Avec ses décors virtuels basés sur de véritables photographies, sa science des contours, son usage de la couleur, son utilisation du dessin numérique en surimpression de cases plus traditionnelles pour des effets spectaculaires, E-Ratic fonctionne comme une bouffée d'air frais en manoeuvrant avec des éléments déjà connus du public classique. L'album emporte suffisamment de nouveautés et d'envie de bien faire, porté par un coup de crayon exceptionnel (vraisemblablement inspiré par Spider-Man : Into the Spider-Verse au point de citer la mise en scène du film dans une page pleine - sans la moindre raison valable) et peuplé de bonnes idées, pour supporter l'impression générale de bordel électrique et survitaminé.
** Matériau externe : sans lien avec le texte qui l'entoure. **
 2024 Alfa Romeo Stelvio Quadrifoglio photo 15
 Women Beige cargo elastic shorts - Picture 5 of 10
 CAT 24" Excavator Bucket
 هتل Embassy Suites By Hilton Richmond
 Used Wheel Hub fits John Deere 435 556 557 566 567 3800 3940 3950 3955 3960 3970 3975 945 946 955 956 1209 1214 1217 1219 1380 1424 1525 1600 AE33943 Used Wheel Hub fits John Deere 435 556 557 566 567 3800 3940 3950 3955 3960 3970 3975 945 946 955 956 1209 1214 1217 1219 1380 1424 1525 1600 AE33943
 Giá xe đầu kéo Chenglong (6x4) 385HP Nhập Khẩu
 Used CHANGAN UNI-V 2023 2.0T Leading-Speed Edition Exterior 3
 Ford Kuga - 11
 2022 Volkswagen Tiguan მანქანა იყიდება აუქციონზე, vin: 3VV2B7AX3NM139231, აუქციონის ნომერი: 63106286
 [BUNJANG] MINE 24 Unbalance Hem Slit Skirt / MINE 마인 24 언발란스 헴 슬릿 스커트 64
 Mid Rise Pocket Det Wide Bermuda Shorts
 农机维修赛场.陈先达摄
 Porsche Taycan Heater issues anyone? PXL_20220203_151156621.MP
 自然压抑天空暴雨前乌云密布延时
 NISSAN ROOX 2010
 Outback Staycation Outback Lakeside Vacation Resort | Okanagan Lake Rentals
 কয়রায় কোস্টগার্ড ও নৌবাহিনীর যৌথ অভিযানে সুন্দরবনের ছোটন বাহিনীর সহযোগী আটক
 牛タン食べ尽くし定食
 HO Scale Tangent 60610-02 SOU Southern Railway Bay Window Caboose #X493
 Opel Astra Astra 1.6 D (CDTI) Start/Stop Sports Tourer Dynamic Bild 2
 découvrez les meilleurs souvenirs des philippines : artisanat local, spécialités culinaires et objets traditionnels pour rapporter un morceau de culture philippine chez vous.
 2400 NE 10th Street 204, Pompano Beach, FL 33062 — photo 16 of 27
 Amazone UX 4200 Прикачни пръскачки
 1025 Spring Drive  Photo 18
Puisque le résultat reste évidemment très imparfait : le scénario va trop vite, les dialogues sont parfois trop nombreux, Kaare Andrews manque de place ou de tempo pour placer ses éléments au bons endroits sans donner l'impression de charger la mule, et en définitive, on n'a pas tant vu le héros se servir de ses pouvoirs au sortir de ces cinq numéros mis bout à bout.
L'envie de jouer avec le cynisme induit par cette relecture des codes de la fiction pour adolescents permet aussi de passer à travers des défauts mécaniques (l'histoire d'amour marche parce que : c'est comme ça), ou d'un discours sur la performance et l'individualisme qui passerait sans doute pour plus brouillon et moins intelligent que le scénariste n'aimerait à le laisser croire lorsque ses personnages parlent pour lui. Au global, on tolère, parce que malgré le poids des ans, tout ceci arrive encore à nous paraître neuf. Comme l'impression de redécouvrir les premières pages d'Ultimate Spider-Man, dans un autre registre, d'avoir envie de suivre Ollie sur de prochaines aventures. Le contexte général a moins d'importance que l'envie de suivre ce lycée peuplé de petites têtes marrantes, et de voir si Kaare Andrews saura s'approprier l'homme araignée (ou plutôt l'homme rat - l'homme rat-raignée ?) sur du long terme.
D'une manière général, E-Ratic marche aussi par le charme de ces séries en forme de gigantesques caprices, de la part de dessinateurs heureux de se libérer des consignes de l'éditorial à la Marvel. Visiblement, Kaare Andrews avait envie de reprendre un jeune Peter Parker à sa façon, et comme tous les dessinateurs plus à l'aise dans l'installation d'une atmosphère propice aux expériences que dans la mécanique narrative structurée, l'envie de s'amuser a pris le pas sur le reste. On sort de l'album en partageant cette joie communicative, et en attendant la suite, pour retrouver ce plaisir, ces trouvailles de formes et de couleurs, et cette impression de grand enfant qui s'éclate à reprendre à la base tous les défauts, les poncifs et l'impression de déjà vu de tous les points de départ pour parvenir à un résultat ludique, rapide et grandement satisfaisant. A se demander pourquoi plus d'artistes ne vont pas créer leurs propres analogues de têtes connues sur le marché indépendant, tant le contraste avec les productions mainstream se découvre comme une libération.
Dans la liste des nouveautés apparues sur le marché indépendant récemment, E-Ratic est peut-être le projet le moins risqué dans le lequel le lecteur de super-héros traditionnel aurait à s'engager. Si l'agrégat statique des fans de comics capes et collant a parfois du mal à se motiver à aller chercher la nouveauté dans les créations originales, pas d'inquiétudes cette fois : la route est toute pavée. Efficace, drôle, sincère, la série de Kaare Andrews tombe au bon moment pour tromper l'ennui dans les séries mainstream, avec l'assurance de retrouver un grand nom du dessin moderne dans son élément favori. En attendant Spider-Man : Reign 2, de quoi réviser, ou imaginer l'avenir.